- Opening Delimiter -

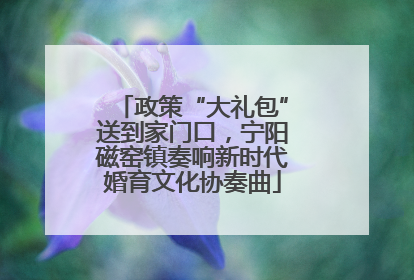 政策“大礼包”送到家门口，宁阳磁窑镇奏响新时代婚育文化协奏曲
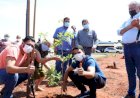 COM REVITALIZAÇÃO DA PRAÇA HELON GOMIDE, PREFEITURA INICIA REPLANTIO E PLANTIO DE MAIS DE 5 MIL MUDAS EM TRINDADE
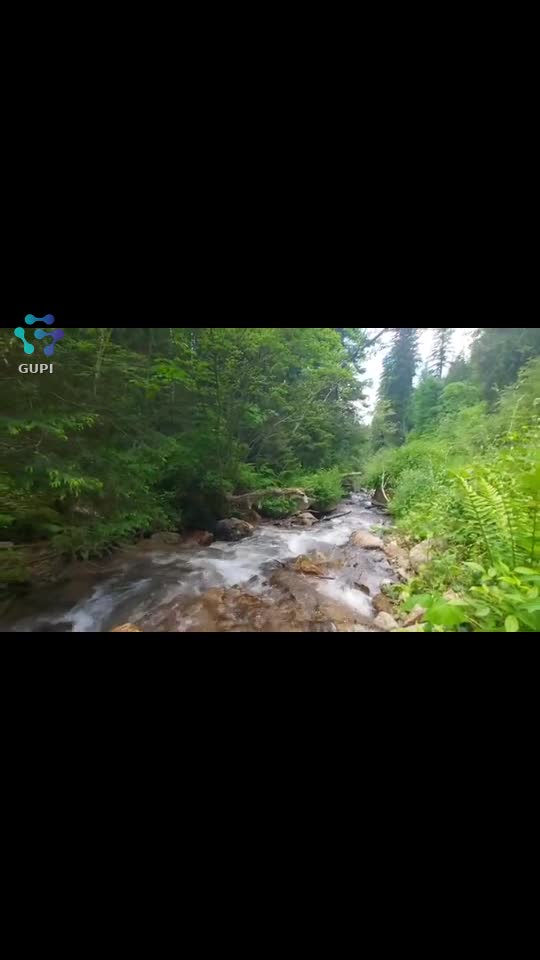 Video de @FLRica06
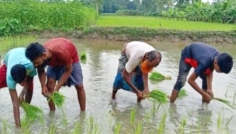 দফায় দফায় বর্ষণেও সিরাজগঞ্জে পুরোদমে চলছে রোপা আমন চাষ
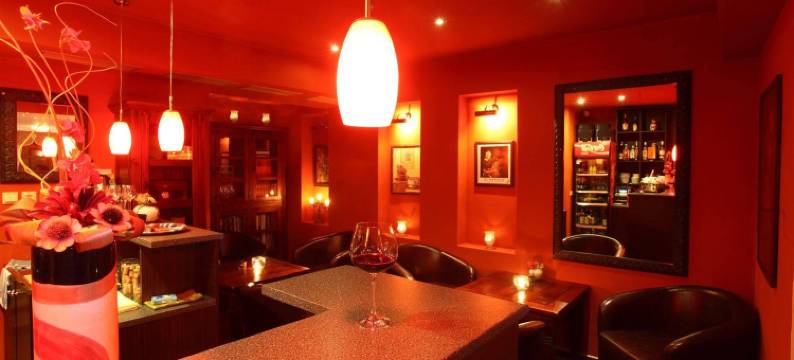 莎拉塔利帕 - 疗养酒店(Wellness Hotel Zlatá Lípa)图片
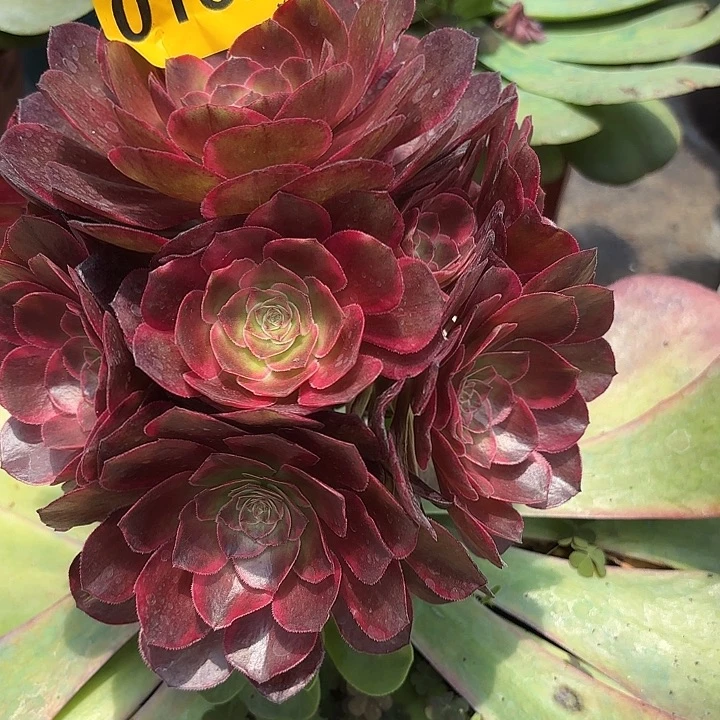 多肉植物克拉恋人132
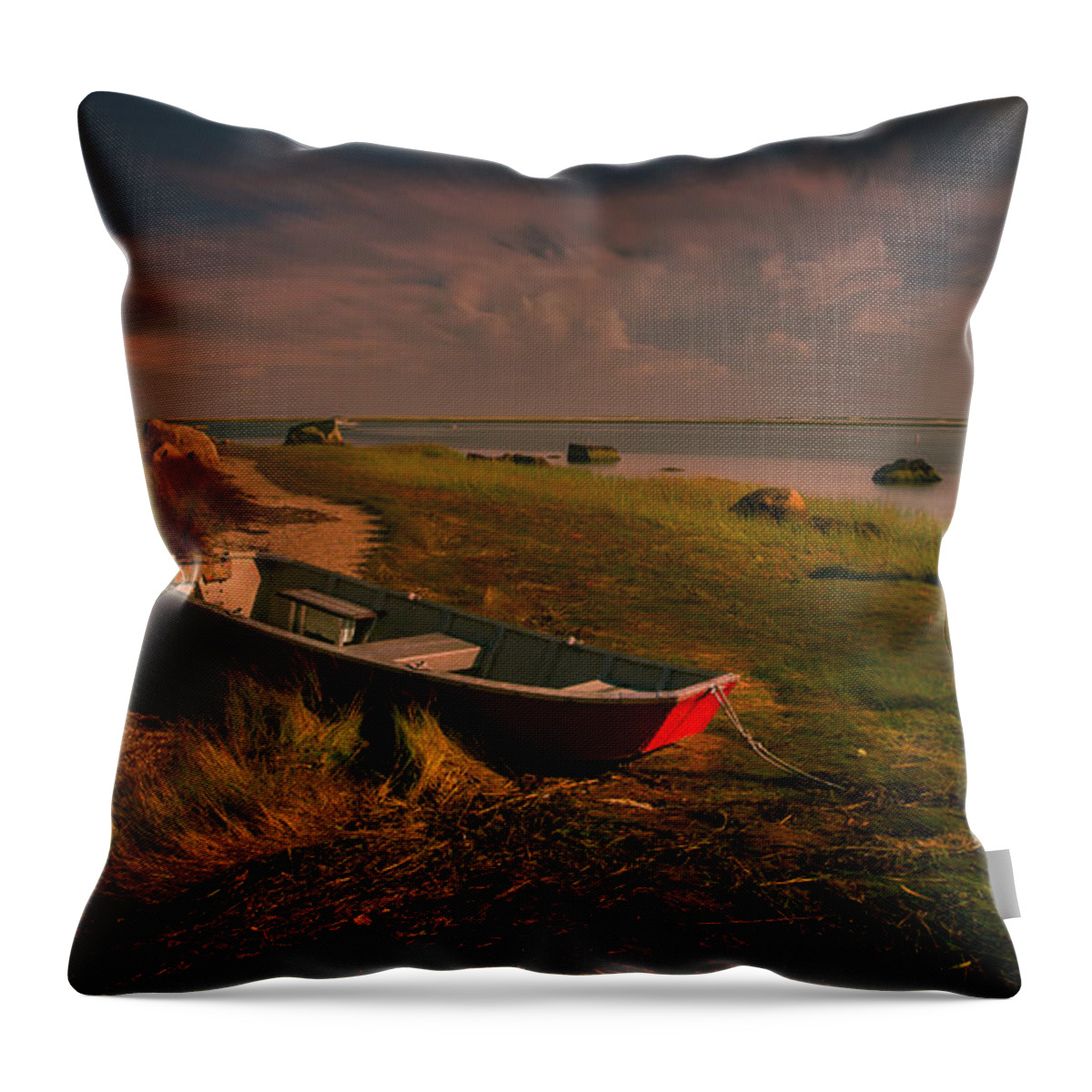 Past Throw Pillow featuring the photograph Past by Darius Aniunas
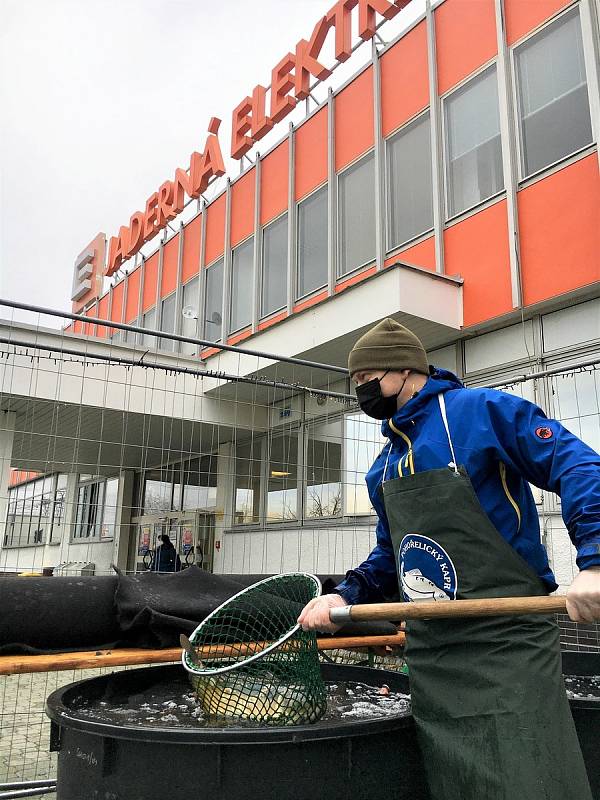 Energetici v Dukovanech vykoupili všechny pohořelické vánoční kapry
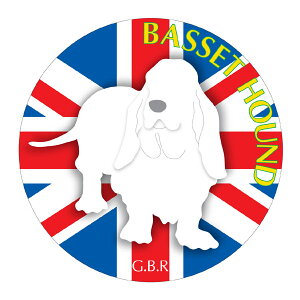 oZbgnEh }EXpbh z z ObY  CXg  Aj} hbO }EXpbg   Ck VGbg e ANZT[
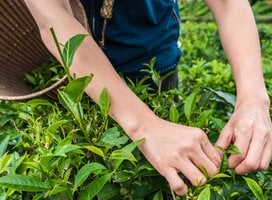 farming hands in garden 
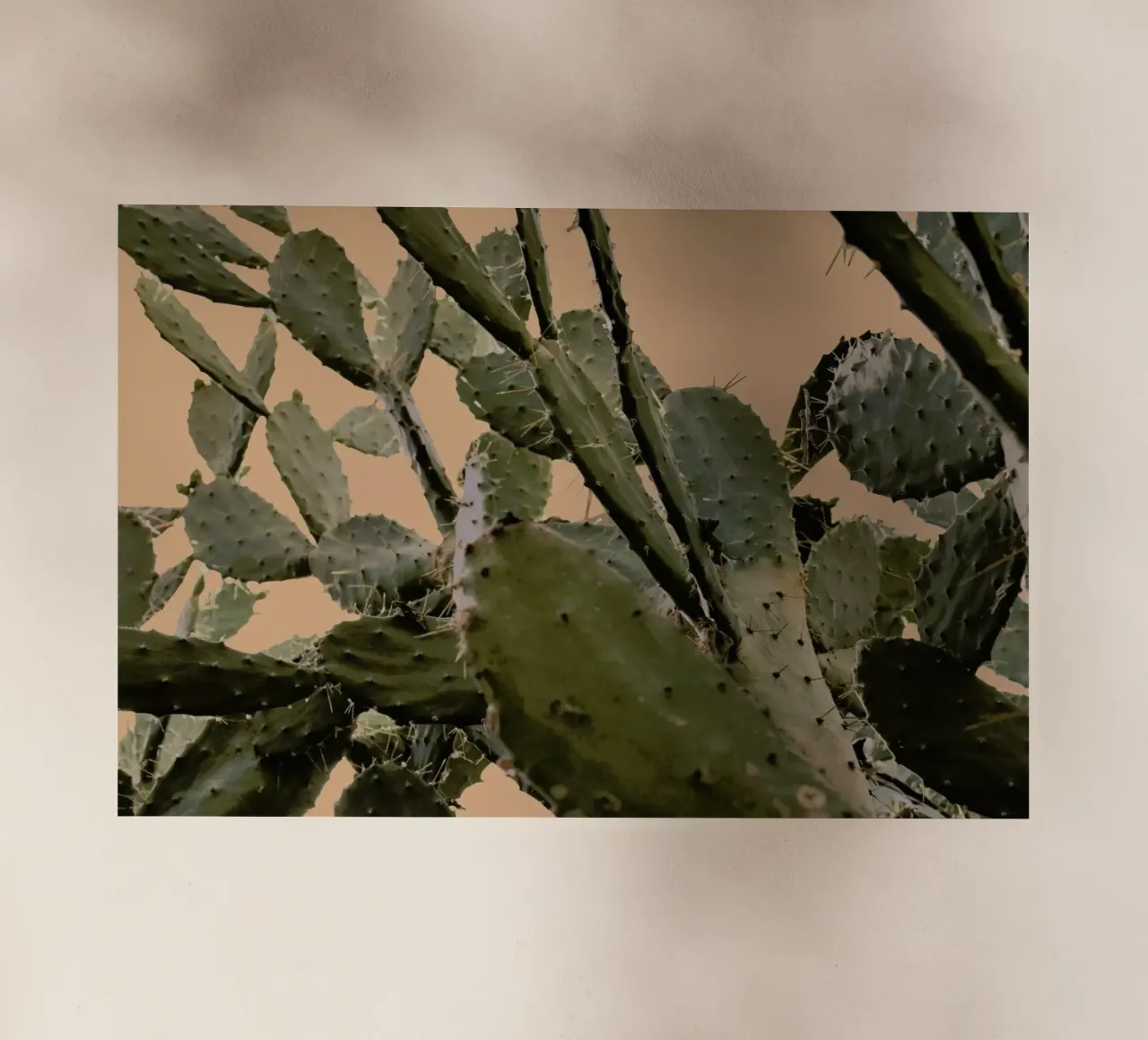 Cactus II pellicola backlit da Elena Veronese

- Closing Delimiter -

## Aim of the task
Output all the data, exactly, without images.

## Your response
 政策“大礼包”送到家门口，宁阳磁窑镇奏响新时代婚育文化协奏曲
 COM REVITALIZAÇÃO DA PRAÇA HELON GOMIDE, PREFEITURA INICIA REPLANTIO E PLANTIO DE MAIS DE 5 MIL MUDAS EM TRINDADE
 Video de @FLRica06
 দফায় দফায় বর্ষণেও সিরাজগঞ্জে পুরোদমে চলছে রোপা আমন চাষ
 莎拉塔利帕 - 疗养酒店(Wellness Hotel Zlatá Lípa)图片
 多肉植物克拉恋人132
 Past Throw Pillow featuring the photograph Past by Darius Aniunas
 Energetici v Dukovanech vykoupili všechny pohořelické vánoční kapry
 oZbgnEh }EXpbh z z ObY  CXg  Aj} hbO }EXpbg   Ck VGbg e ANZT[
 farming hands in garden 
 Cactus II pellicola backlit da Elena Veronese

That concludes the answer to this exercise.